On the supply side, mills are actively offering sugar to the market, adding continuous selling pressure. With adequate availability in wholesale channels, buyers face no immediate concern over physical scarcity, which encourages them to delay larger purchases and limits the potential for a price rebound.

Demand from stockists and industrial users remains strictly need-based, with little evidence of speculative or forward buying. This restrained approach suggests that downstream segments—such as beverages, confectionery, and food processing—are managing inventories tightly, likely in anticipation of stable or slightly weaker prices in the near term.

For jaggery, the picture is different: better demand from traditional consuming regions is meeting relatively lower availability of good-quality material.
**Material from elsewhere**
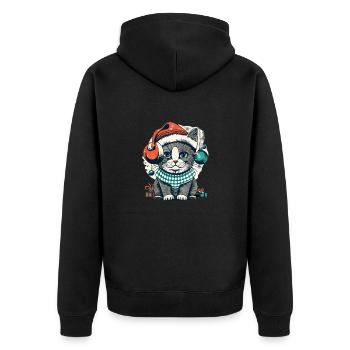 Chat de Noël - Veste à capuche bio Premium Unisexe - noir - Dos - Nico (187cm)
This combination keeps sellers in a stronger position, allowing them to defend prices even as refined sugar weakens, and maintaining a clear price premium for jaggery over standard sugar.

Fundamentals & Regional Context

Fundamentally, the sugar market in New Delhi reflects a balance characterised more by comfortable supply than by strong consumption. Mill selling is a key short-term driver, as producers appear focused on keeping product moving rather than withholding stocks for higher prices, reinforcing the downward bias.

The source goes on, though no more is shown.